The sixth conference, organised by Never Again Rwanda, brought together participants, mainly the youth, from various parts of the country.
It served as a platform for the Rwandan youth and other stakeholders to discuss the national practice of Genocide commemoration and make recommendations that may inform policy and decision making process.
It was also an opportunity for the youth to hear from international experts, civil society organisations, and government on what led to the 1994 Genocide, its effects as well as how they can prevent similar occurrence in the future.
Experts say the youth were manipulated to play an active role in executing the Genocide, and the current lot has a responsibility to build a united nation that is free of genocide ideology and any form of discrimination.
However, they note that the majority of the youth especially those who were born after the Genocide, are not informed enough about Rwandan history, specifically the Genocide history and factors that led to it.
Besides, there is a large number of youths who live with wounded families as victims or perpetrators with a tendency leading to trans-generational trauma among the youth and, if the issue is not dealt with, it could transform into genocide ideology tendencies.
Speaking at the event, Fidèle Ndayisaba, the executive secretary of National Unity and Reconciliation Commission (NURC), hailed Never Again for organising the conference ahead of today’s 23rd commemoration of the 1994 Genocide against the Tutsi.

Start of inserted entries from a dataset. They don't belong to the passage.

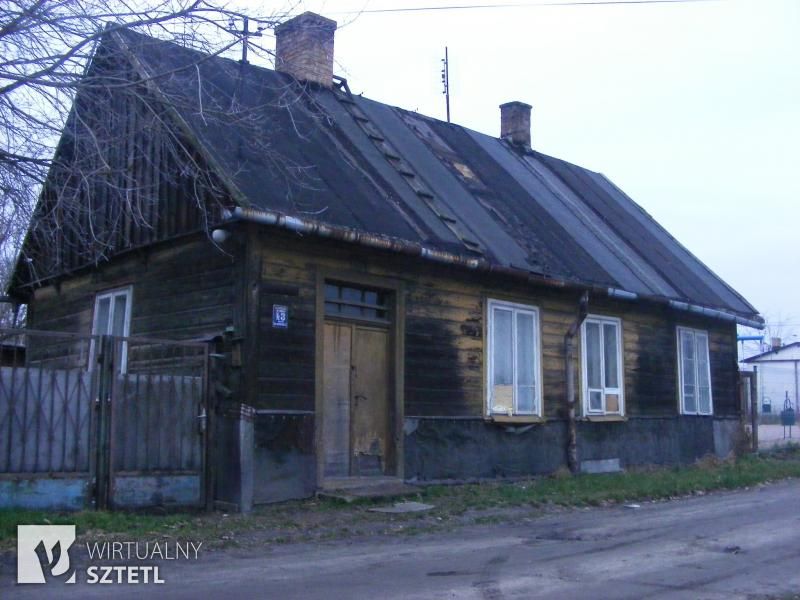 Dom Icka Lichtensztejna przy ulicy Koziej 3 w Konstancinie-Jeziornie. Zdjęcie z 2007 r. Budynek rozebrano w 2018 r. Fot. Wirtualny Sztetl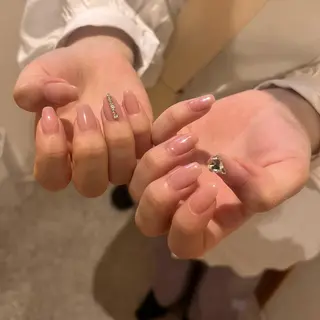 ミディアム ネイル 𝐞𝐚𝐜𝐡 nanami🩰のネイルデザイン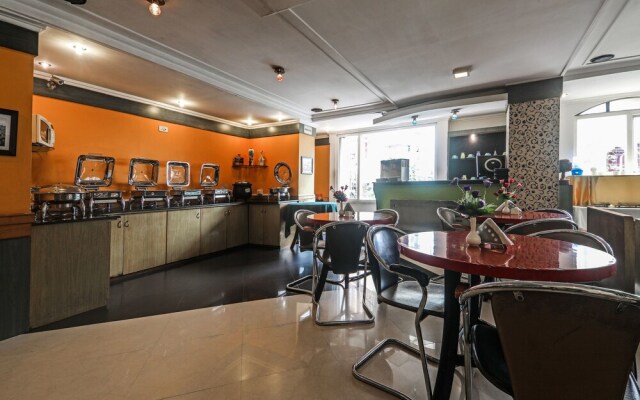 OYO 16017 Hotel Alpine Continental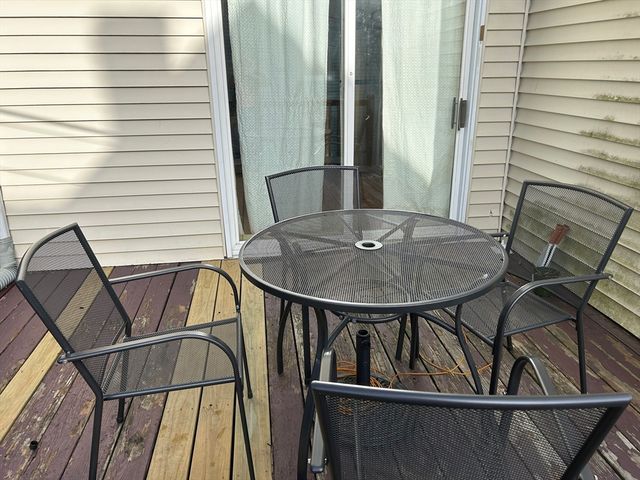 11 Pennsylvania Ave. 00, Newton, MA 02464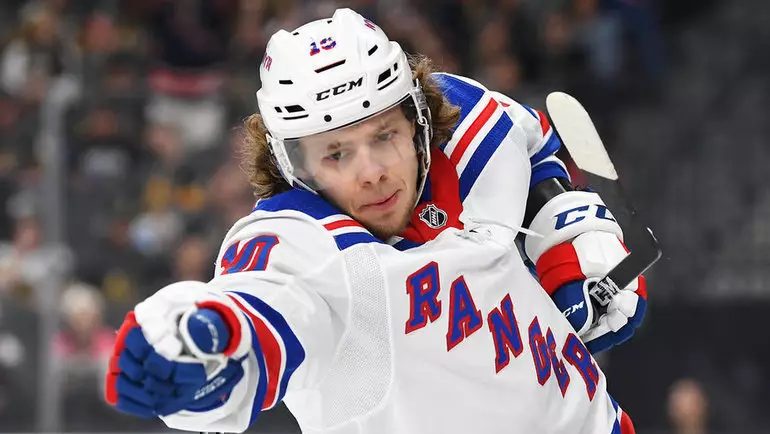 Панарин стал 16-м россиянином в истории НХЛ с 50+ очками в плей-офф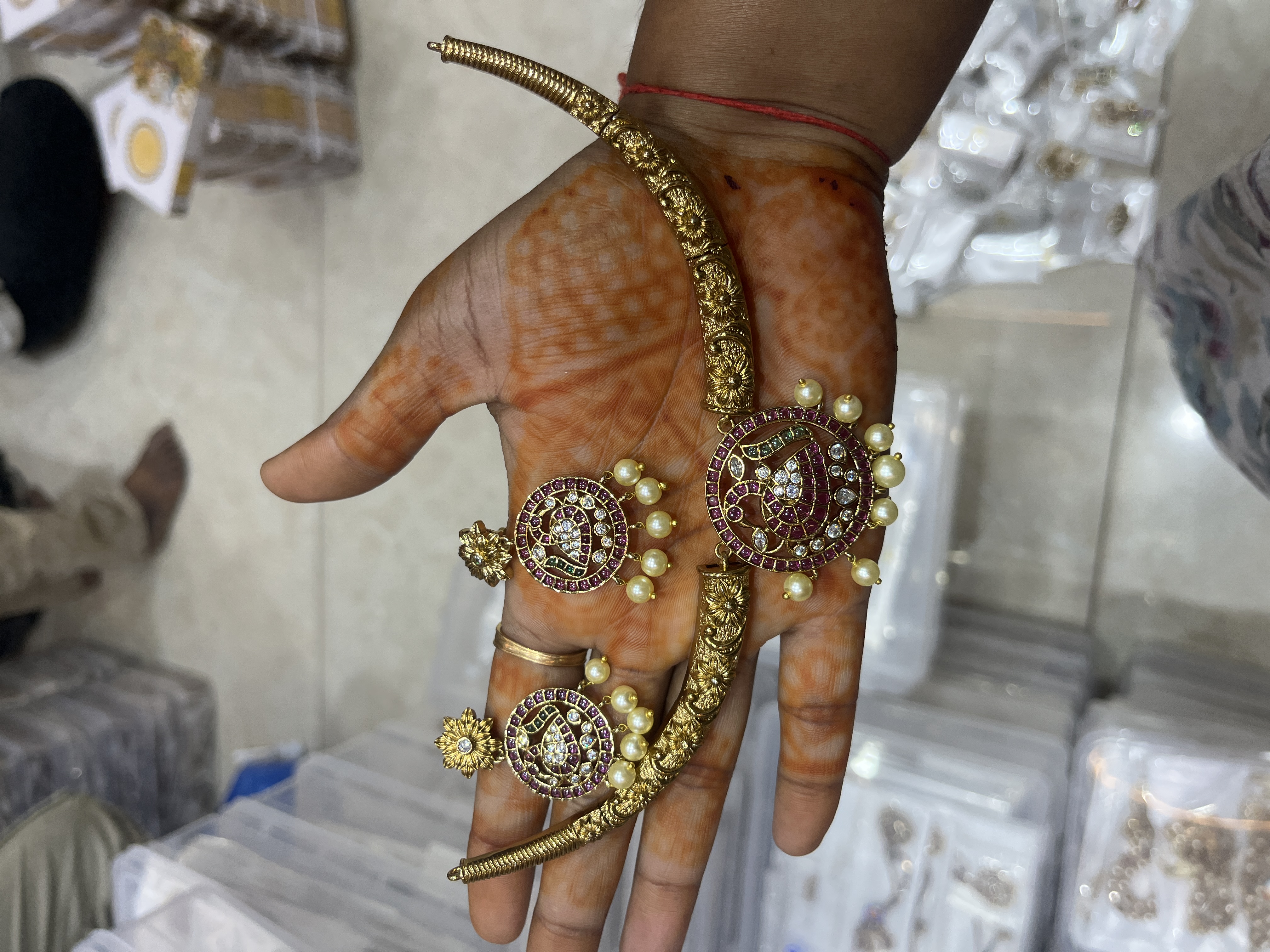 Kanti neckset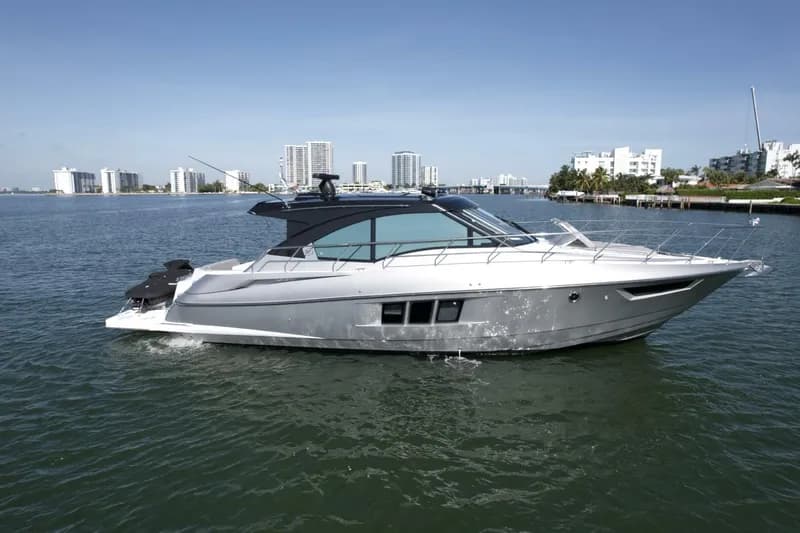 2018 Cruisers Yachts 45 Cantius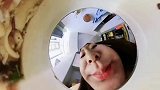 女子用特殊相机拍摄早餐被吃第一视角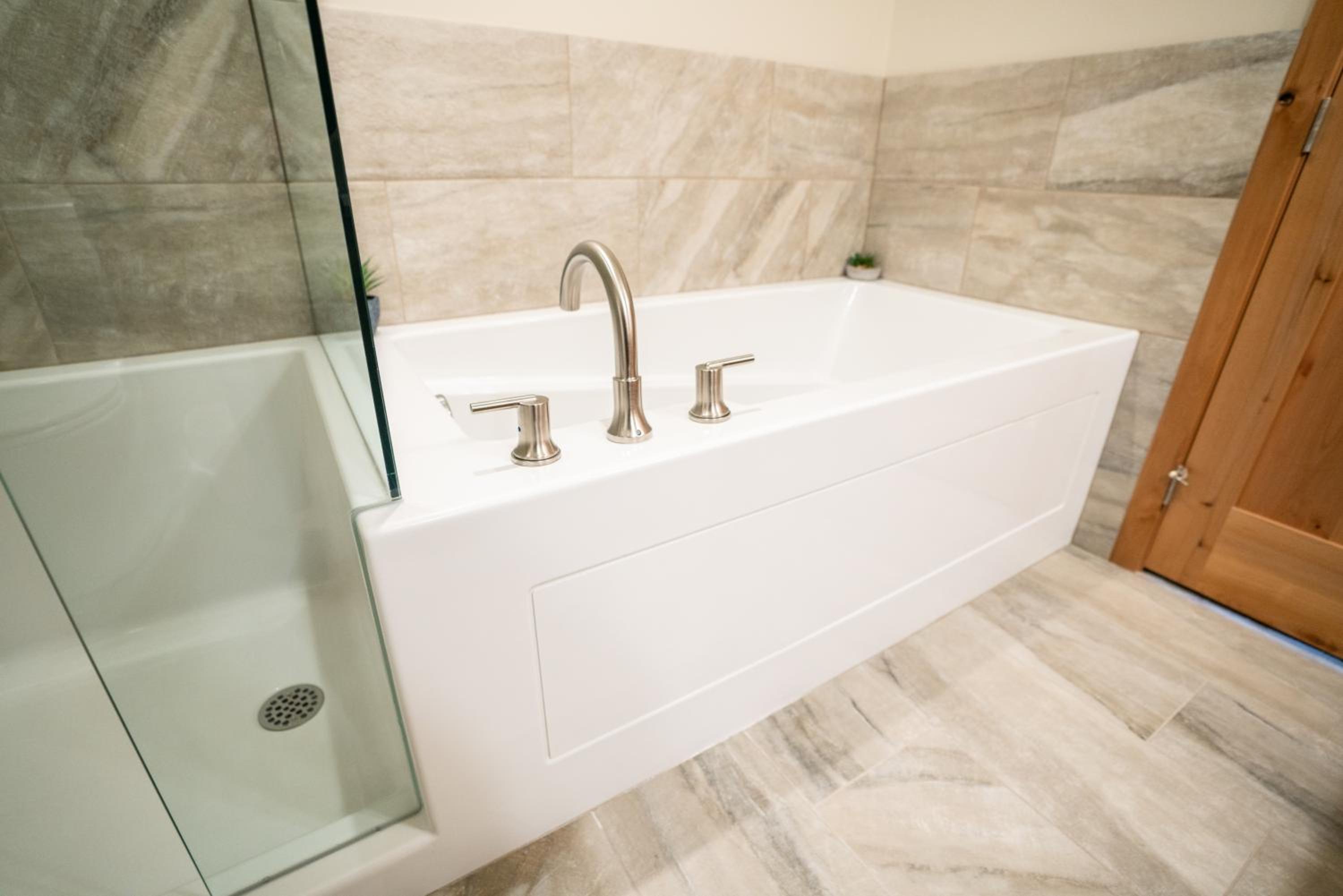 Luxury 1BR King Suite Hot Tub Couple Retreat Central Bridgette Bar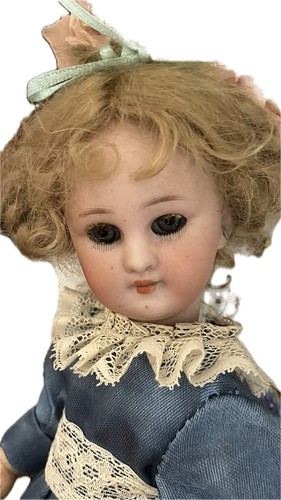 Bambola antica mignonette - , dep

Ndayisaba said Rwandans and the youth, in particular, need to know more about Genocide, its causes and impact in order to not only prevent its ideology but also prevent its reoccurrence.
“If you don’t have genocide ideology but you don’t fight it when it manifests, you would be promoting it,” said Ndayisaba .
He cited the reconciliation barometer of 2015 which showed that commemoration helps reconcile Rwandans at 90 per cent.
“Commemoration is very critical as it helps in healing wounds left as a result of the Genocide, all Rwandans were affected by the Genocide, commemoration helps us remember,” he added.
Noting that some people still habour genocide ideology, Ndayisaba urged Rwandans to fight hate so that the youth are not burdened by it but rather are helped to understand the Genocide and draw strengths from that history to ensure the tragedy never happens again.
“Our history gives us more responsibility to fight genocide ideology, we can’t change our bad history but we can overcome it. Rwandans, especially the youth, have the responsibility to shape a better future through hard work. Our progress should inspire us to wake up and strive for a better future of Rwanda,” noted Ndayisaba.
This year’s commemoration will be marked under the theme: “Remember the Genocide against the Tutsi, Fight Genocide Ideology, Build on Our Progress.”
Immaculée Mukankubito, a participant, said such conferences help the youth to understand the history of the Genocide, its impact and how to deal with its ideology.
She called on adult Rwandans to help the youth understand the country’s history.
“More efforts need to be put in fighting genocide ideology and this should start from the family level. Parents should stop telling their children about Genocide in a bad way, some survivors tell their children about families who killed their relatives while perpetrators only tell their parents about survivors families, this is not promoting unity, all the youth need is to know the country’s history to be able to move forward, ” said Rahamat Umuhoza, 21, a student from Kicukiro.